Let’s put in code what we discussed in the past couple of sections.

allEqual :: Eq a => [a] -> Bool
allEqual [] = True
allEqual [_] = True
allEqual (a : as) = all (== a) as

isConstant :: (Bounded a, Enum a, Eq a) => (a -> a) -> Bool
isConstant f = allEqual $ map f (enumFromTo minBound maxBound)

coupleFromPastEB :: (Eq s, Enum s, Bounded s, Monad m) => Prob m (s -> s) -> Prob m (s -> s)
coupleFromPastEB trans = go id (0 :: Int)
    where go f k | isConstant f = return f
                 | otherwise    = do new_f <- trans
                                     go (f . new_f) (k+1)

editorLimit :: Prob IO (Editor -> Editor)
editorLimit = coupleFromPastEB editorChange

That’s it! editorStationary is the limiting distribution of our editor-jumping process. And sure enough, we get plenty of Emacs.

main :: IO ()
main = do
    gen <- create
    let n = 100000
    xs <- fmap (map ($ Vim)) . flip sample gen $ replicateA n editorLimit
    putStrLn "is Emacs the best editor?"
    print $ all (==Emacs) xs
ghci> main
is Emacs the best editor?
True

Maths don’t lie.

Why doesn’t this work in the forward simulation?

The coalescence behaviour does not emerge when doing the forward simulation. Indeed, we append the newly sampled functions at the end of the chain. So if at any point the composition we have is a constant function, appending another function at the end would change the “constant result”, and would therefore in the general case have no reason to simply stop moving around and just sit at a final value.

When are we guaranteed to see the histories coalesce?

When the Markov chain is ergodic. This means it cannot be periodic, and that all states can “communicate” (that is, for any pair of states, there’s one that can reach the other after a sufficient number of jumps through other states). More on this on WP.

For a proof of why ergodicity is sufficient, see the original paper.

Handling large state spaces and more

Wait, we said earlier that the linear algebra computations don’t cut it for big state spaces, but at every step of our backwards simulation process, we have to check whether the composition we have so far is the constant function. That’s not exactly ideal either when S has 10 million elements, is it?

It is not indeed, but we have one more trick up our sleeves from the original paper, which requires one assumption on S but in exchange lets us cut down significantly on the cost of the coalescence check and handle uncountably infinite spaces (like the unit interval [0, 1]).

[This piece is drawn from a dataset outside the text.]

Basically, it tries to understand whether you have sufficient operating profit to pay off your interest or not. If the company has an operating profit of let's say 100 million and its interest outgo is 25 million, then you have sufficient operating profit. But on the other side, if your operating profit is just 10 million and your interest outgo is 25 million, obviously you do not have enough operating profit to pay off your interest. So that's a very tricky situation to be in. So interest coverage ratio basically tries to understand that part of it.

The additional assumption consists in requiring that S can be equipped with a partial order (S, \leq), along with minimal and maximal elements s_{\text{min}} and s_{\text{max}} for that order, and that our random functions are monotone with respect to that order.

If I oversimplify this to total order + explicit minimal and maximal elements, we could get the following code:

-- the 'trans'ition distribution must hand us monotone functions for this to work
coupleFromPastMonotone :: (Ord s, Eq s, Monad m) => s -> s -> Prob m (s -> s) -> Prob m (s -> s)
coupleFromPastMonotone emin emax trans = go id
    where go f | f emin == f emax = return f
               | otherwise        = do new_f <- trans
                                       go (f . new_f)

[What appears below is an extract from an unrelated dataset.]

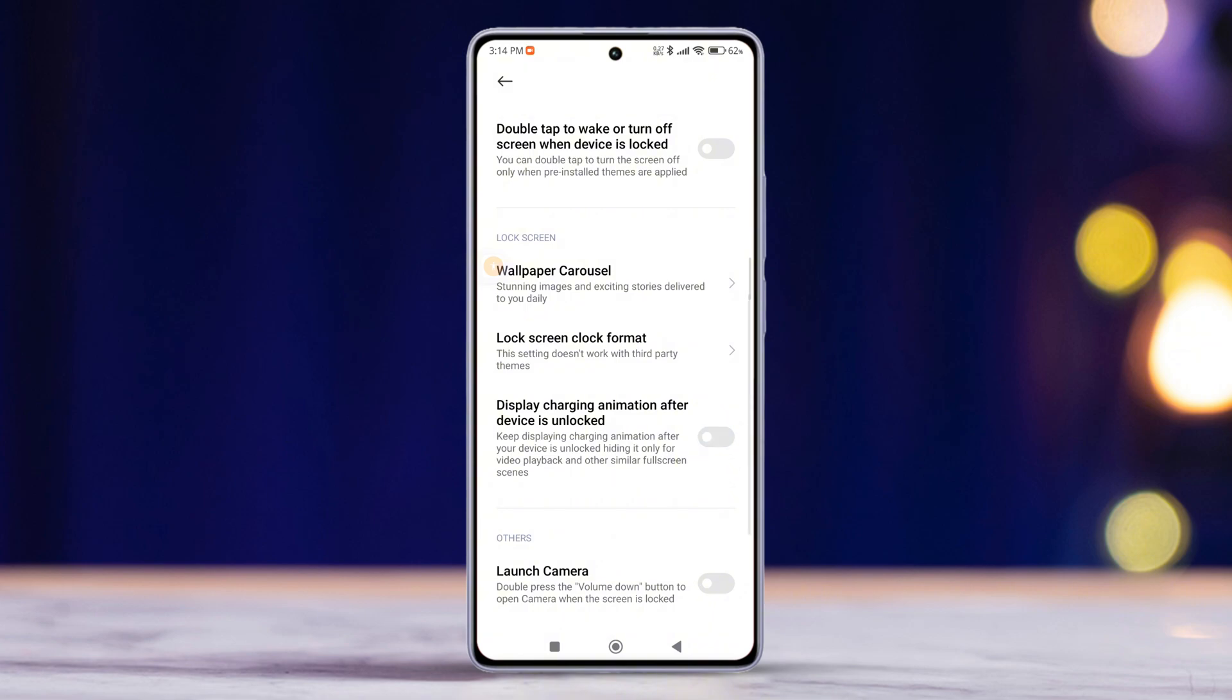So that's how you enable or disable the display charging animation after your device is unlocked on your Xiaomi phone.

There even is a way to improve the performance further by doubling the size of jumps that we make in the past, see the original paper.

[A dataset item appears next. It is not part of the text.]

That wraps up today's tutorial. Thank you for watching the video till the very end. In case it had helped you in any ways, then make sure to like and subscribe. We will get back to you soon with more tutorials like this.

Finally, this work inspired a lot of extensions to those ideas, which can work in quite general settings. Some are about being able to extend the state to be a vector instead of just one piece, and transforming it with random matrices and what not, while others are about supporting extremely general forms of state spaces and functions.

The best survey of all those methods that I found is Iterated Random Functions by Persi Diaconis and David Freedman.

Conclusion

This cute little technique escalated into a whole range of algorithms to sample from the limiting distribution of a wide array of Markov chains. To me, it stands in stark contrast with the simplicity of what I imagine to be the conversation that birthed it all.